■ RAW DATA:
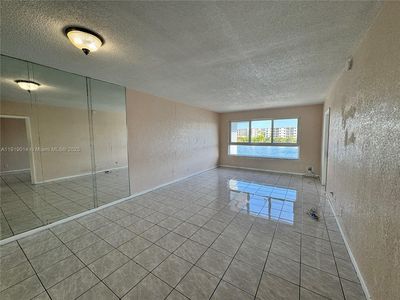 19255 NE 2nd Ave APT 2218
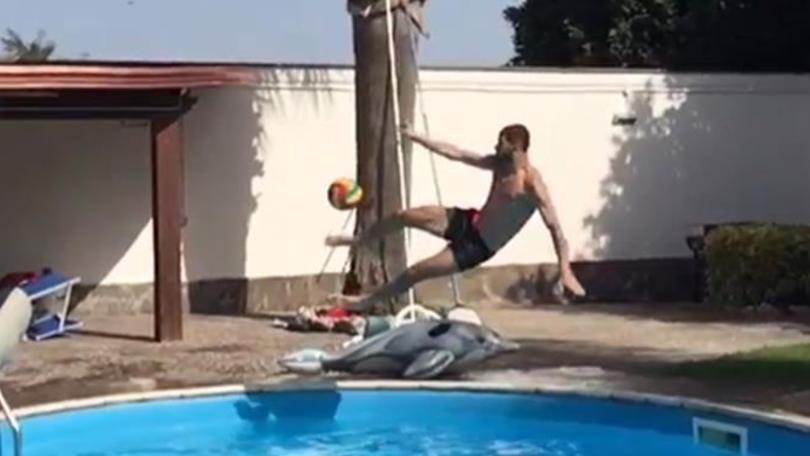 Hysaj, che mezza rovesciata in tuffo!
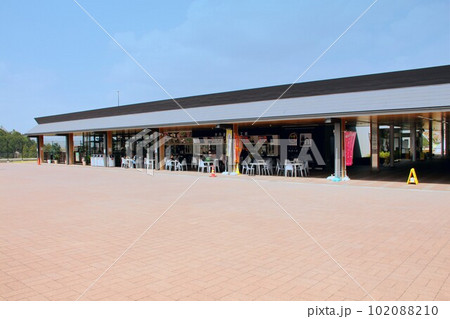 道の駅 京丹波 味夢の里 オープンカフェ・軒下コンコース 道の駅 京丹波 味夢の里 オープンカフェ・軒下コンコース 102088210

■ ASSIGNMENT: Leaving out all pictures, retype exactly the lines that run from the one containing "Hysaj, che mezza rovesciata in tuffo!" through the last line of the material.

■ TASK OUTPUT:
 Hysaj, che mezza rovesciata in tuffo!
 道の駅 京丹波 味夢の里 オープンカフェ・軒下コンコース 道の駅 京丹波 味夢の里 オープンカフェ・軒下コンコース 102088210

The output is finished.